_WORK ITEM_
Transcribe exactly the stretch of lines beginning at the one containing "Un baño moderno" and closing with the last line of the entries below. Omit images.

Scraped caption text data
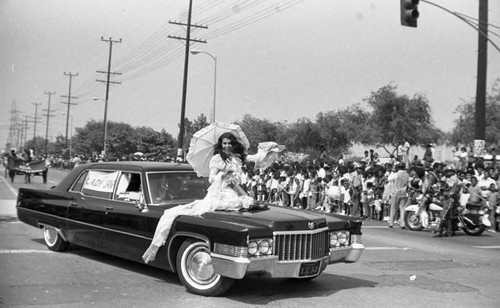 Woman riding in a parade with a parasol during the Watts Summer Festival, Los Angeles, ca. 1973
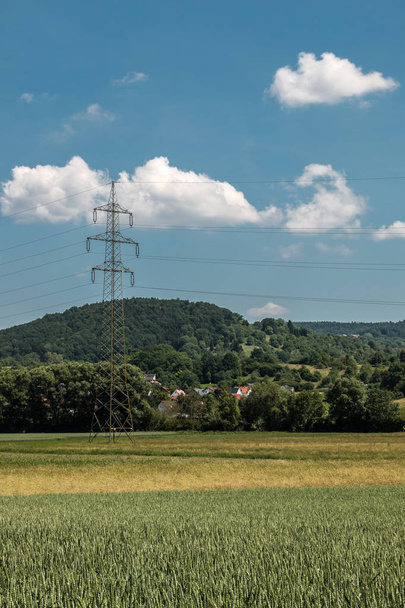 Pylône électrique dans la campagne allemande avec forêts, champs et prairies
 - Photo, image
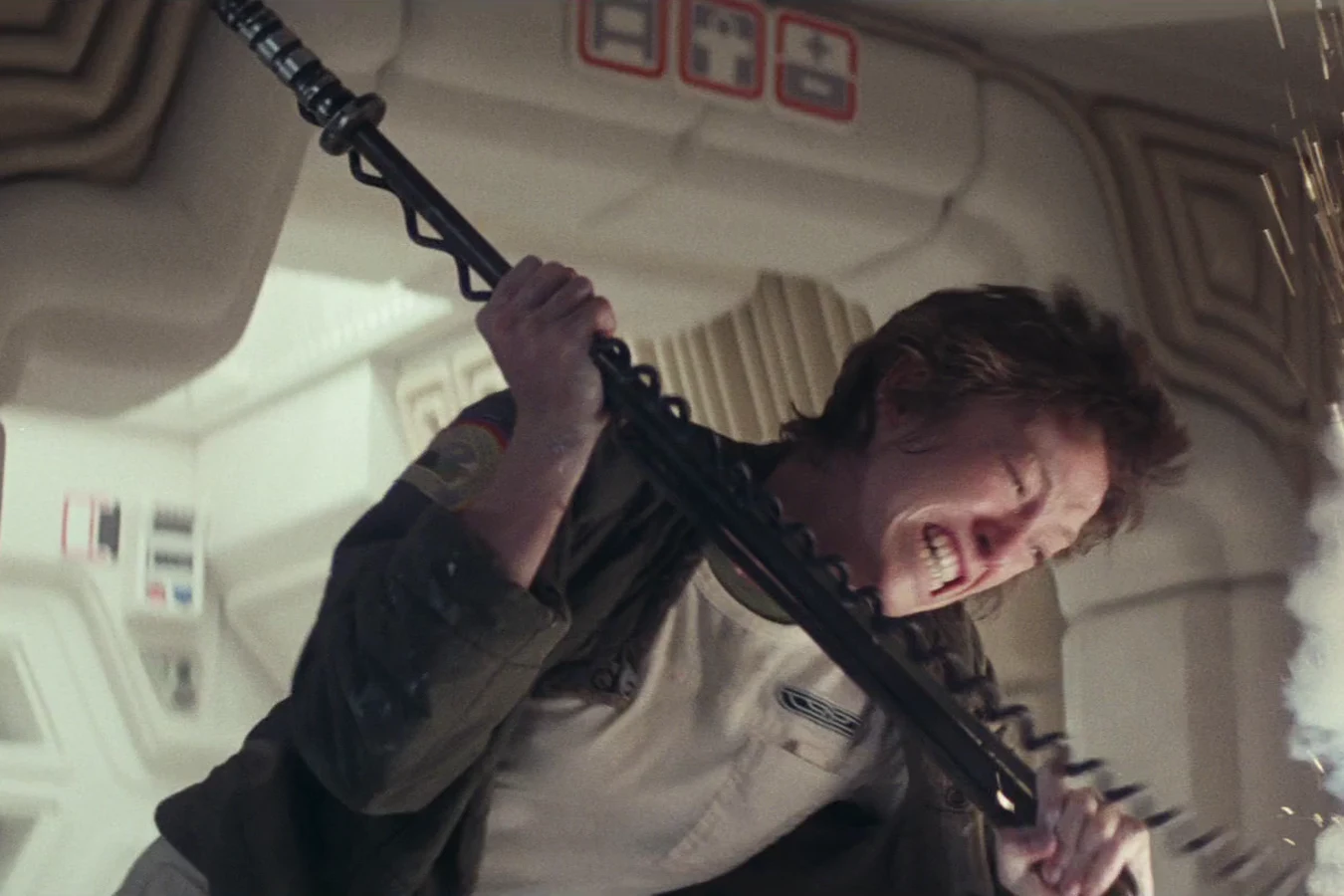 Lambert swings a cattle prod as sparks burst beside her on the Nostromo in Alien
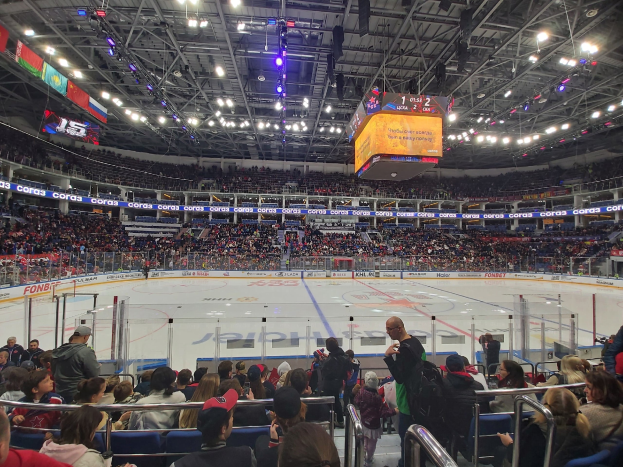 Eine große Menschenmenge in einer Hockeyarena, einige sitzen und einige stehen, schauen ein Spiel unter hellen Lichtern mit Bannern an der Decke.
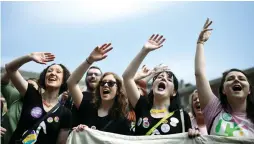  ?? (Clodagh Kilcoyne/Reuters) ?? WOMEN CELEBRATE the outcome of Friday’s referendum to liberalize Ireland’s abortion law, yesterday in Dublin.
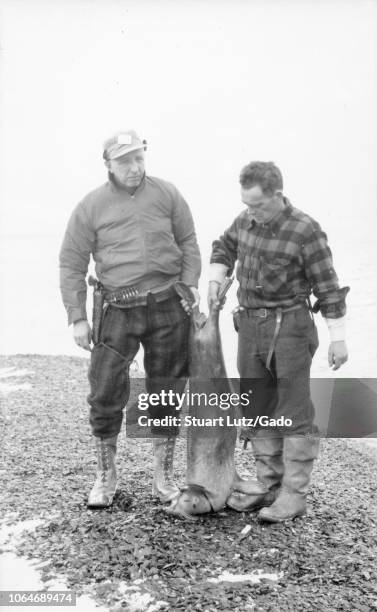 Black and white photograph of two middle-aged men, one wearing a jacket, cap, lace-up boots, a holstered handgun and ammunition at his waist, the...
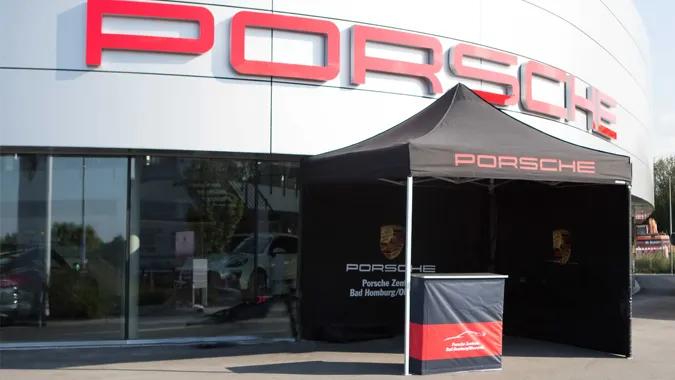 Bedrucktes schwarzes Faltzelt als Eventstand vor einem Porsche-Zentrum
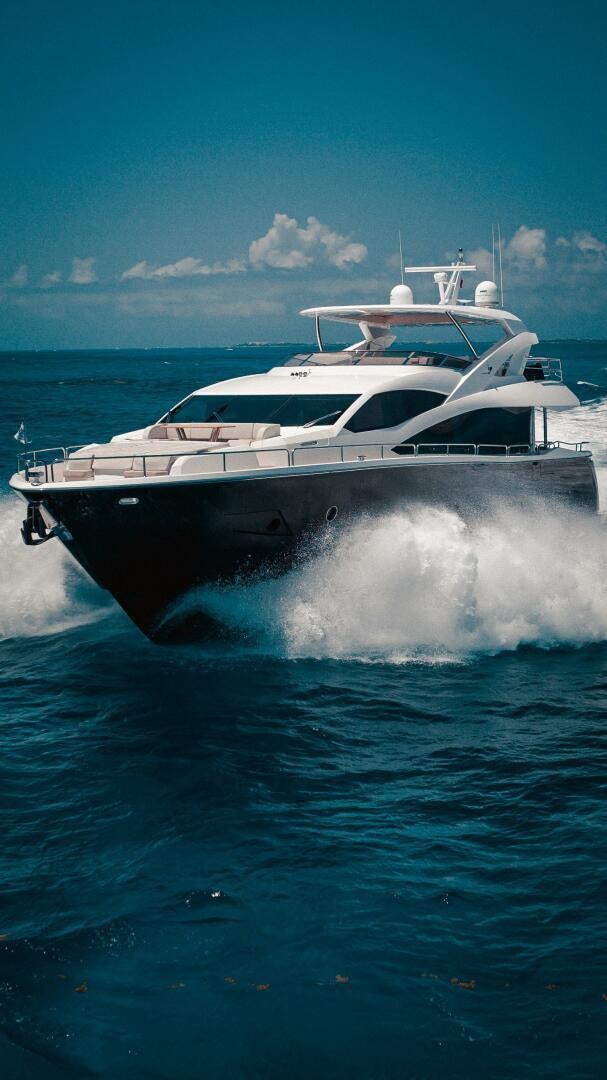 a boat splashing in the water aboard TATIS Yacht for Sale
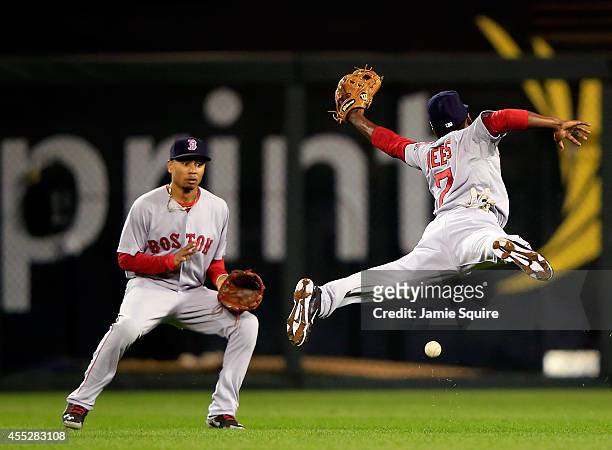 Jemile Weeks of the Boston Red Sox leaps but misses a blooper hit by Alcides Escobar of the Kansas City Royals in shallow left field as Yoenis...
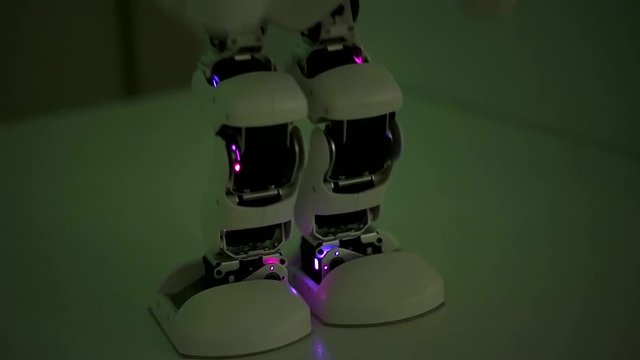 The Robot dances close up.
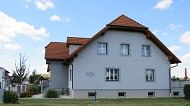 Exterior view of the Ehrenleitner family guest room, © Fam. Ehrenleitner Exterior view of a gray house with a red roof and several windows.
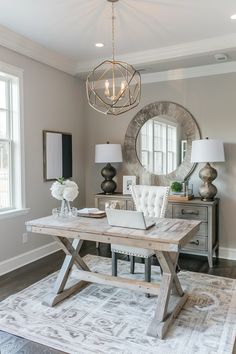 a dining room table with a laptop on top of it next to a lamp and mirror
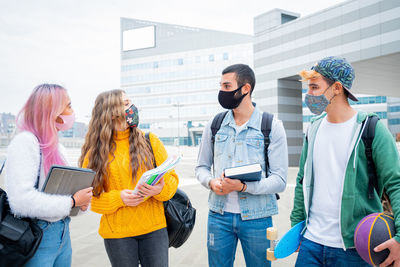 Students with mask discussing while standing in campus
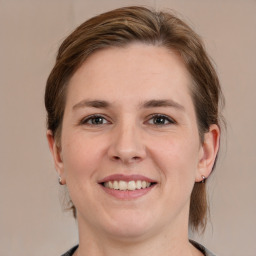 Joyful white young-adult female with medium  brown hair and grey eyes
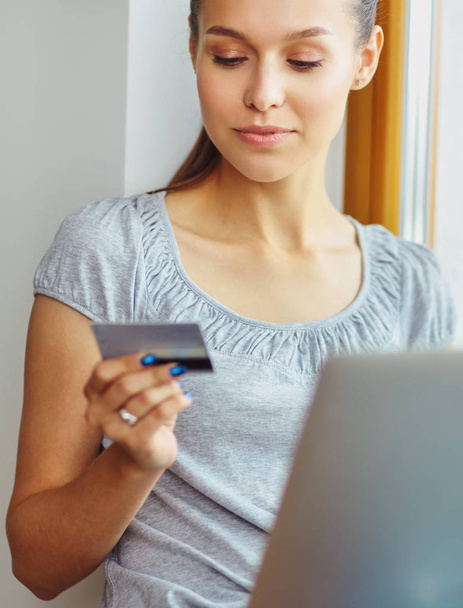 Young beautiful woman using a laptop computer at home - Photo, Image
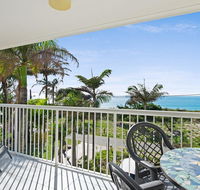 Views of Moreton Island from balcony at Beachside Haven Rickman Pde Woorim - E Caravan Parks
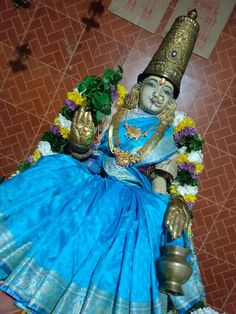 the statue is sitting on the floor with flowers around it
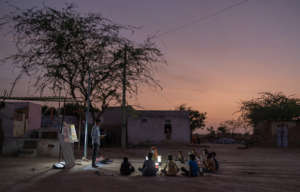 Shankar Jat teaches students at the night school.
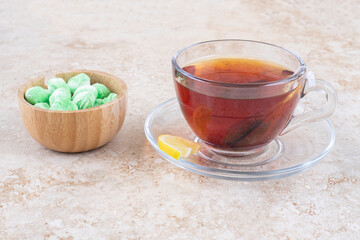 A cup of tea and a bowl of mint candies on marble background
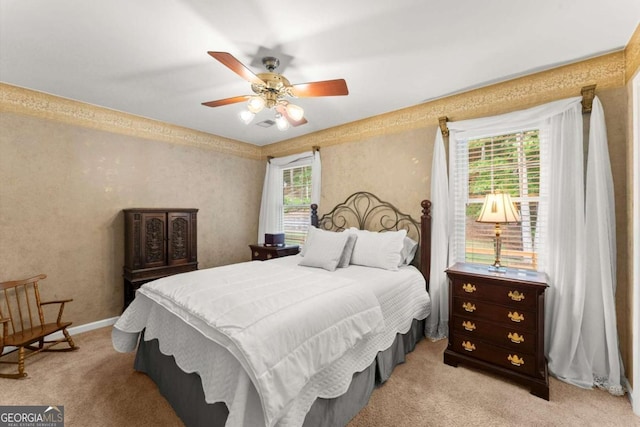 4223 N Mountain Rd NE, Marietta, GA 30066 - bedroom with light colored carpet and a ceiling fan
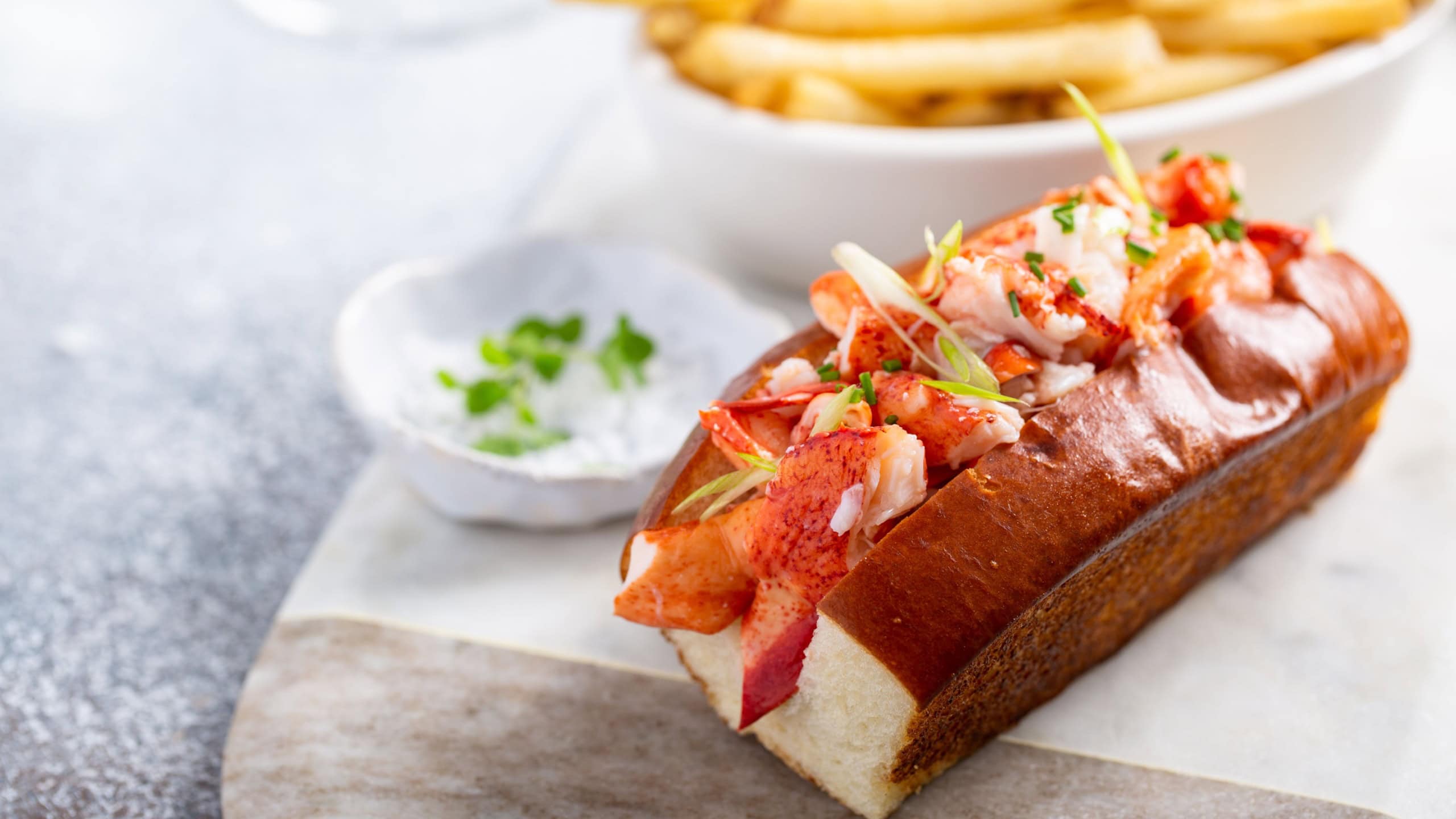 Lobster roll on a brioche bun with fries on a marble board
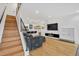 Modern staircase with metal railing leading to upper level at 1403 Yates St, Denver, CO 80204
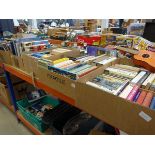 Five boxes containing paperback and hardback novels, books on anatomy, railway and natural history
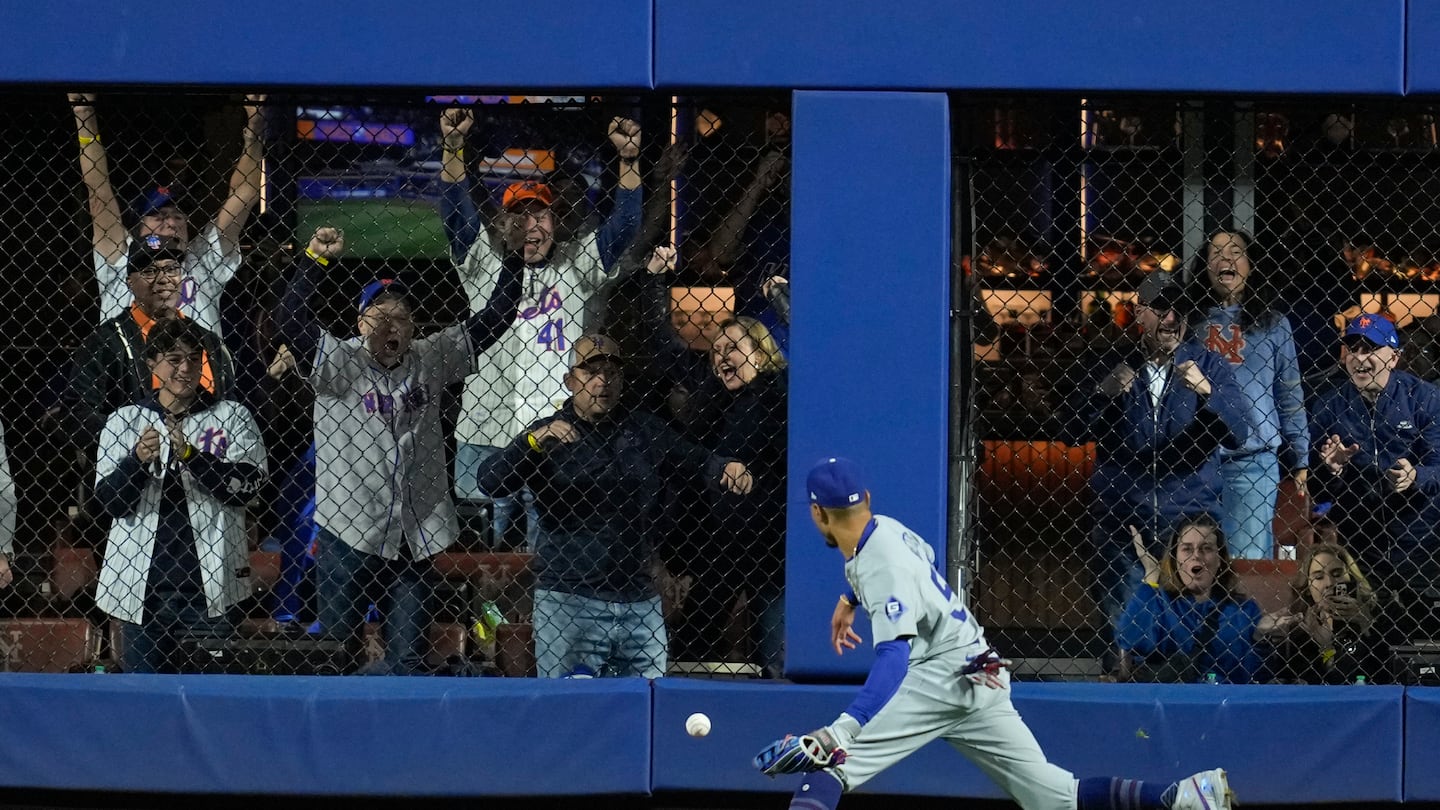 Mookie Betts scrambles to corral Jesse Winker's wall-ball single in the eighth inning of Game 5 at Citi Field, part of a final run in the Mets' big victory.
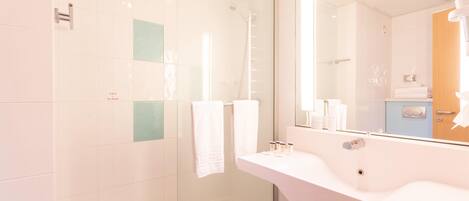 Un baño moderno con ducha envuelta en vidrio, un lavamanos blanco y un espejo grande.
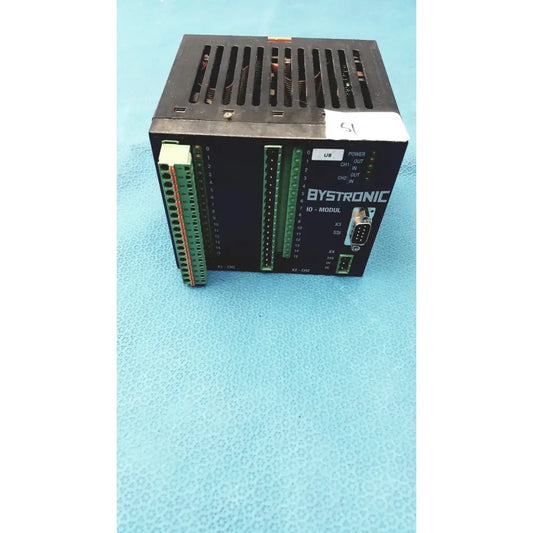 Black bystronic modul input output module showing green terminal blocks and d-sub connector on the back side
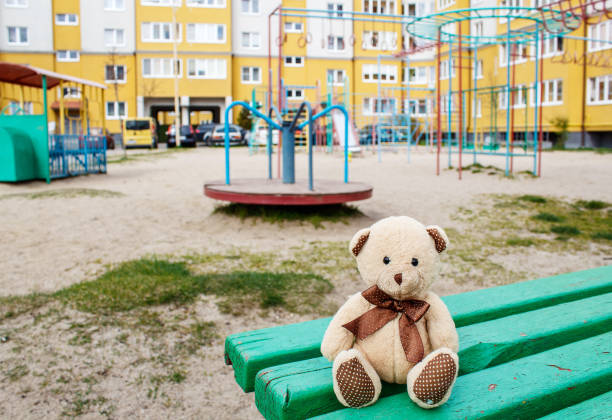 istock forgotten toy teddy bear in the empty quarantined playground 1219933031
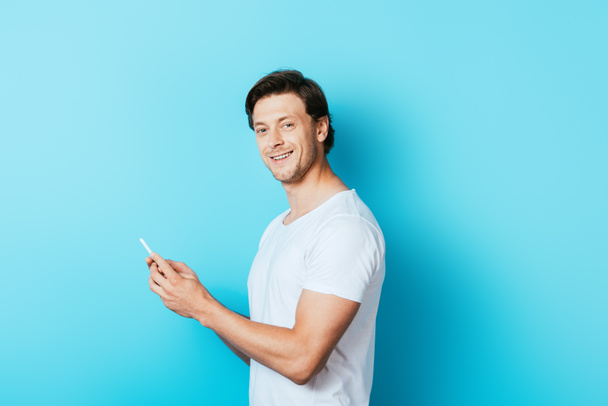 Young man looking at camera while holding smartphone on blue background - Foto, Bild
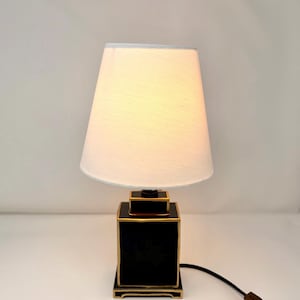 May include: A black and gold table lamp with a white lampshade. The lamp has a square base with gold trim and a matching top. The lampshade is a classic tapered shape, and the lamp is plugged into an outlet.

_ANSWER SPACE_
 Un baño moderno con ducha envuelta en vidrio, un lavamanos blanco y un espejo grande.
 Black bystronic modul input output module showing green terminal blocks and d-sub connector on the back side
 istock forgotten toy teddy bear in the empty quarantined playground 1219933031
 Young man looking at camera while holding smartphone on blue background - Foto, Bild
 May include: A black and gold table lamp with a white lampshade. The lamp has a square base with gold trim and a matching top. The lampshade is a classic tapered shape, and the lamp is plugged into an outlet.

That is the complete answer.